_The data_:
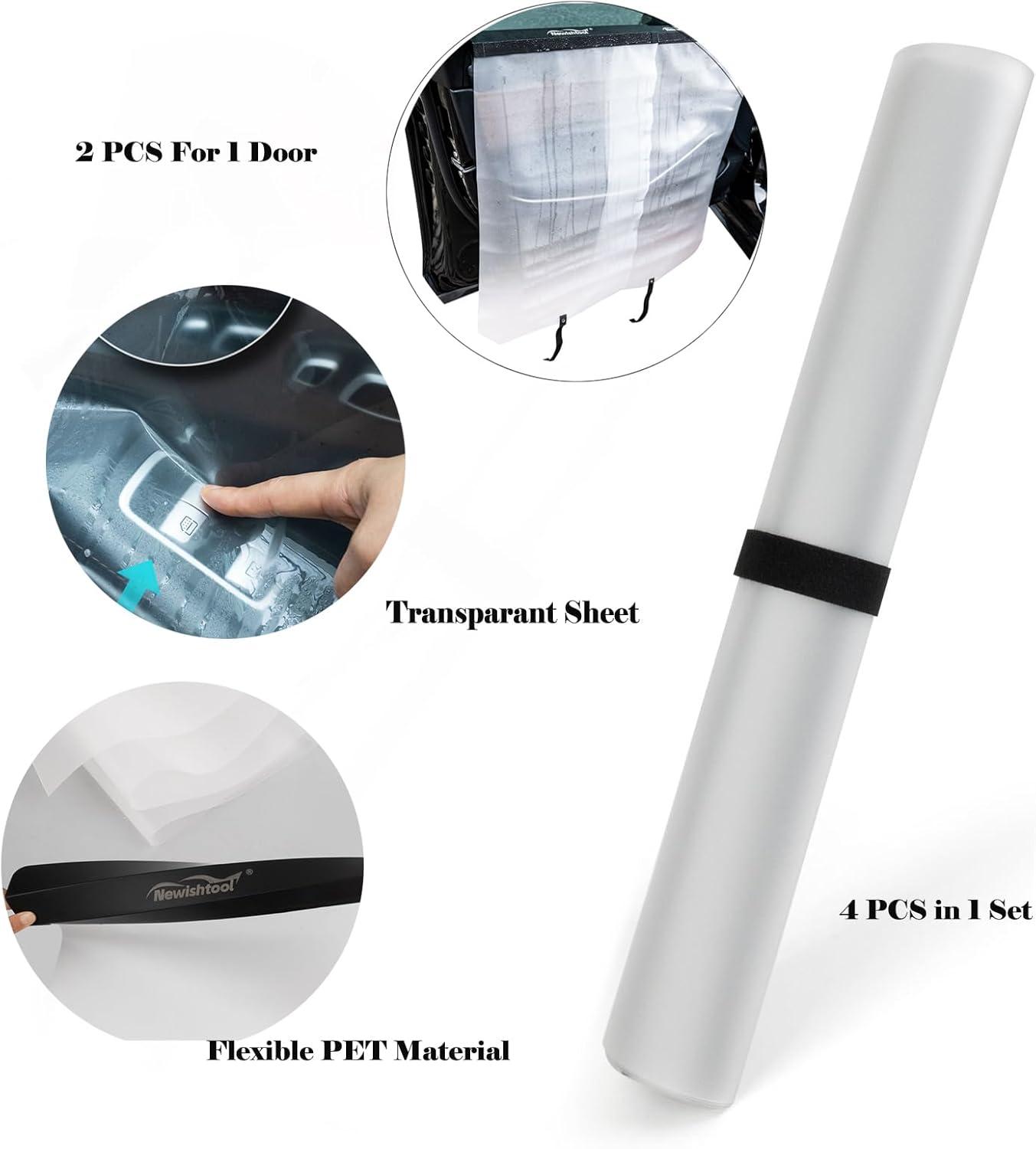 imageNEWISHTOOL Window Tint Kit Includes 4 Pcs Car Door Panel Cover and 1 PC Car Dash Cover Towel with Soak Rope for Window Film Installing Waterproof Tinting Kit for Automotive Glass Tinting Cleaning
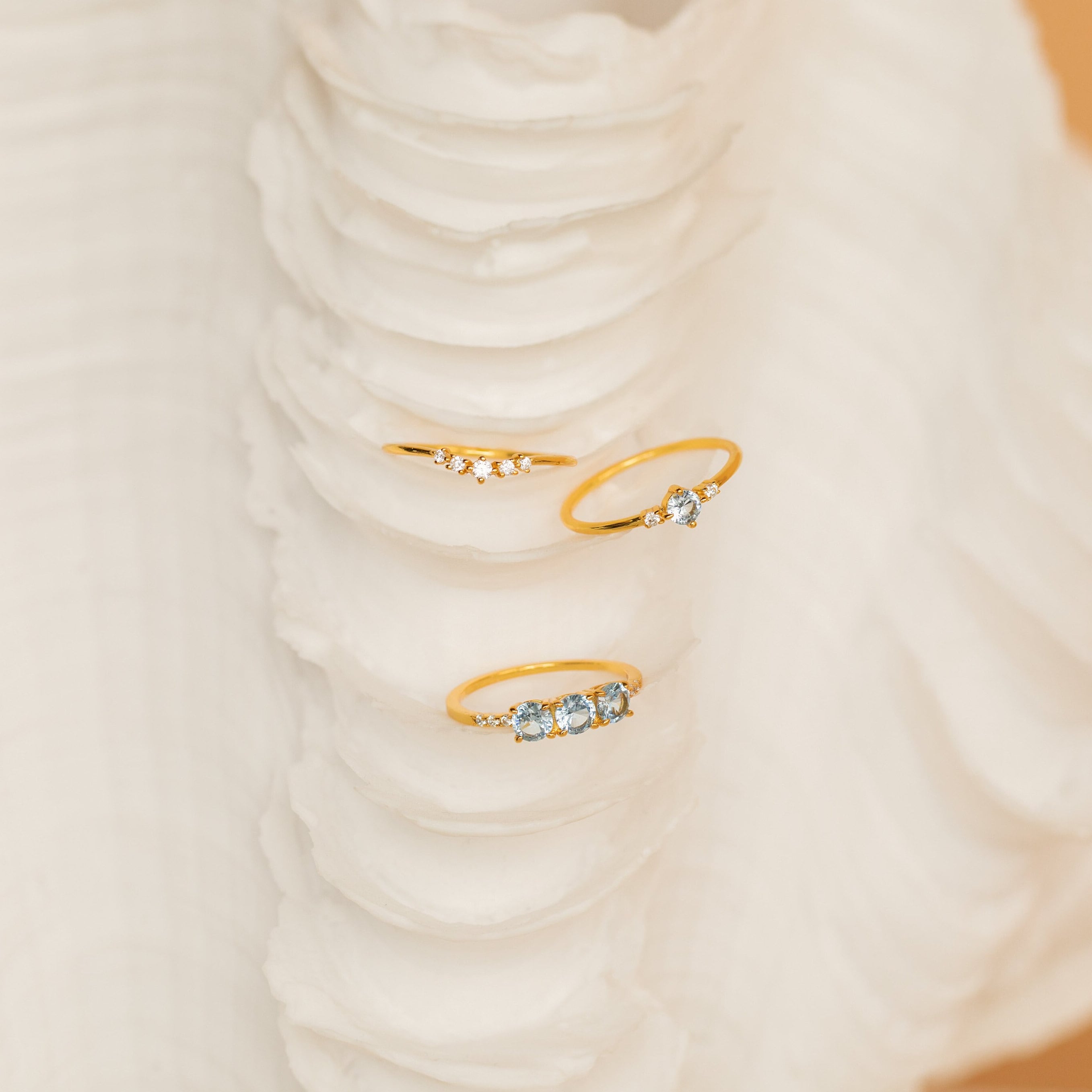 Aquamarine Ring Set by Caitlyn Minimalist • Set of 3: Blue Diamond Stacking Rings • Summer Jewelry • Perfect Bridesmaid Gift Set • RR113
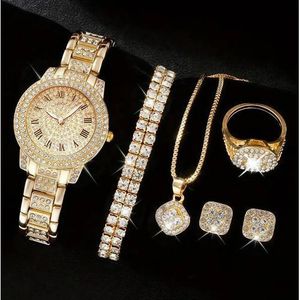 Ladies Watches  Bracelet Set  Women Necklace Ring Jewelry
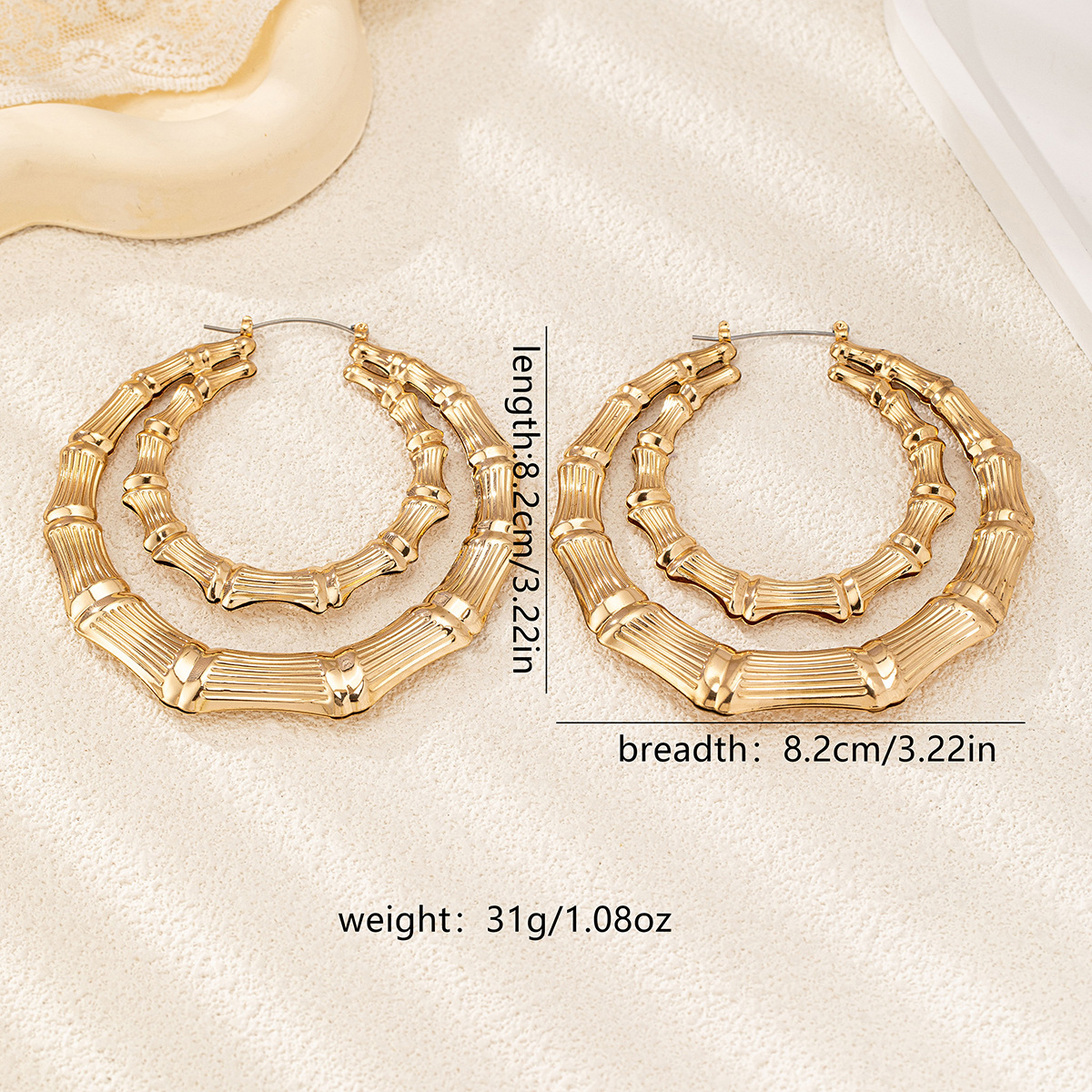 All Seasons Season Women's Gender Plating Design 1 Pair Elegant Classic Style Bamboo Joint Plating Alloy Earrings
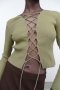 Zara къса блуза маслено зелена, снимка 1 - Блузи с дълъг ръкав и пуловери - 42629194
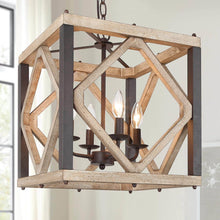 Elijah 4-Light Small Wood Chandelier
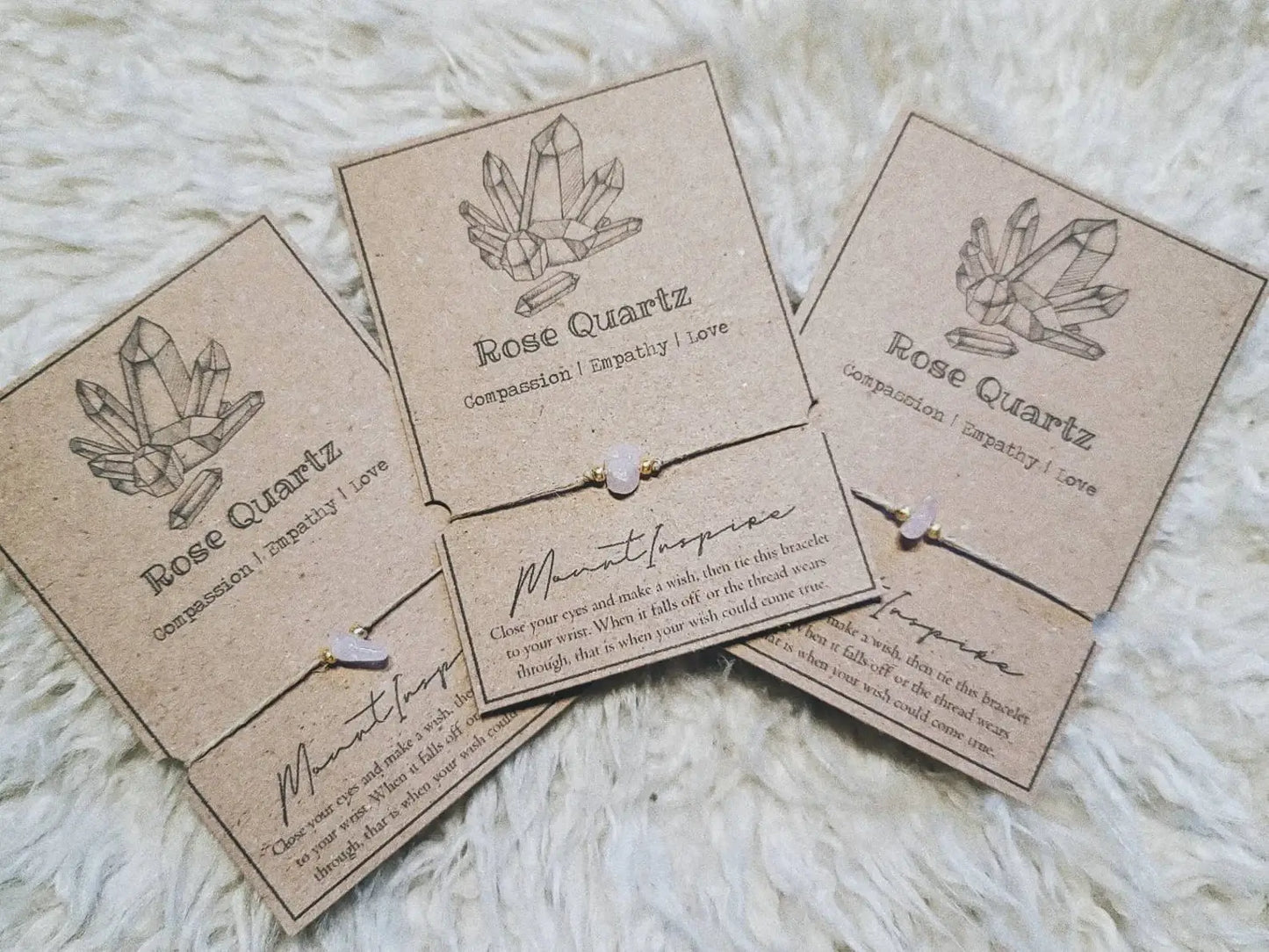 Rose Quartz Crystal Wish Bracelet with Hemp & Gold Beads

_Assignment_: For this exercise, output only the lines from the one bearing "All Seasons Season" to the end of the material above, exactly as written, with pictures left out.

_Task solution_:
 All Seasons Season Women's Gender Plating Design 1 Pair Elegant Classic Style Bamboo Joint Plating Alloy Earrings
 Zara къса блуза маслено зелена, снимка 1 - Блузи с дълъг ръкав и пуловери - 42629194
 Elijah 4-Light Small Wood Chandelier
 Rose Quartz Crystal Wish Bracelet with Hemp & Gold Beads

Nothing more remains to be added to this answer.